Both implementations find the same total rule count and recover the same simple-rule headline patterns at identical support / confidence values — the algorithm is deterministic, not the implementation. The exact ordering of complex rules can differ when many tie on confidence (1.0), but that's a tiebreaker artifact, not a difference in what the algorithms find.

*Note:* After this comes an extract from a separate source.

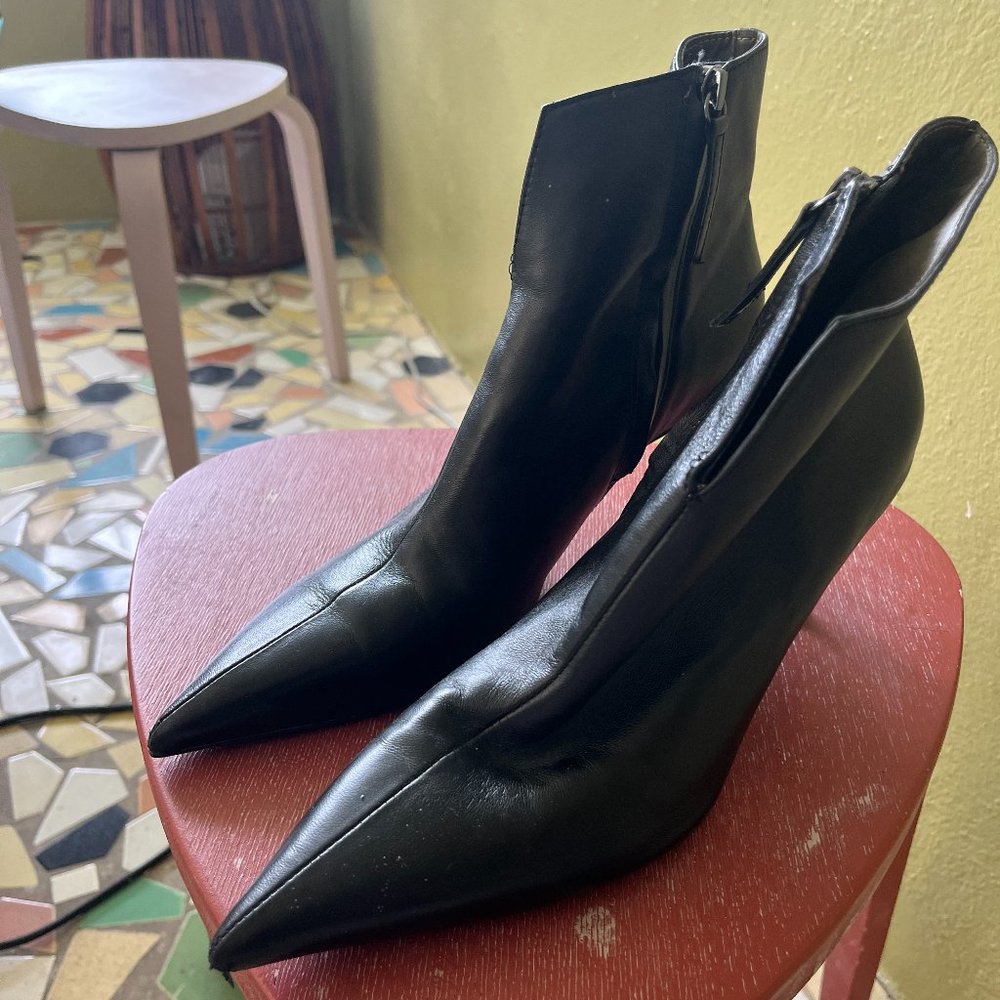 Zara Black Leather Side Zip Thin Heel Ankle Pointed Boots Womens US 8 EU 40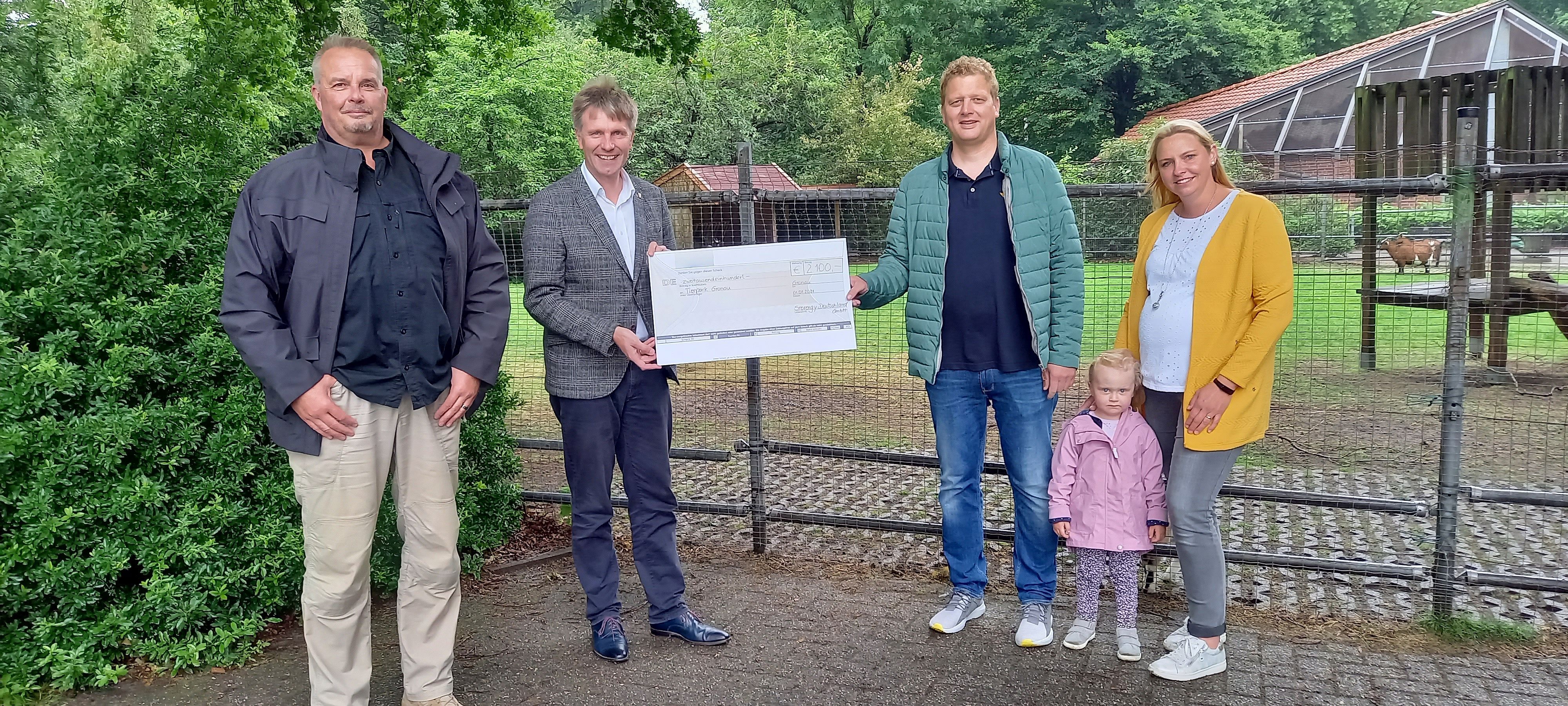 Spendenübergabe im Tierpark Gronau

### Implementation differences worth knowing
| | `arules` (R) | `mlxtend` (Python) |
|---|---|---|
| Internal representation | sparse C-level transaction matrix | one-hot DataFrame |
| Performance on large data | very fast (10× ahead of mlxtend on 100k+ baskets) | acceptable up to ~10k baskets |
| Visualization | rich (`arulesViz`: scatter, graph, parallel coordinates, matrix) | DIY with matplotlib / networkx |
| Subsetting / pruning rules | first-class (`subset(rules, ...)`) | pandas filtering on the rules frame |
| Ecosystem fit | preferred when downstream is R / shiny | preferred when downstream is FastAPI / serving |
For exploratory work and visualization the R toolkit wins; for embedding into a Python service `mlxtend` is the easier deploy.
## Takeaway
The Apriori algorithm recovers the engineered co-purchase patterns cleanly in both languages. For a real retailer these rules drive concrete decisions: *which products to display together, what to bundle, what to suggest as upsell at checkout.* Practically: `dining_table` shoppers should never leave the store without seeing chairs, and the bed display should sit next to the mattress and nightstand sections.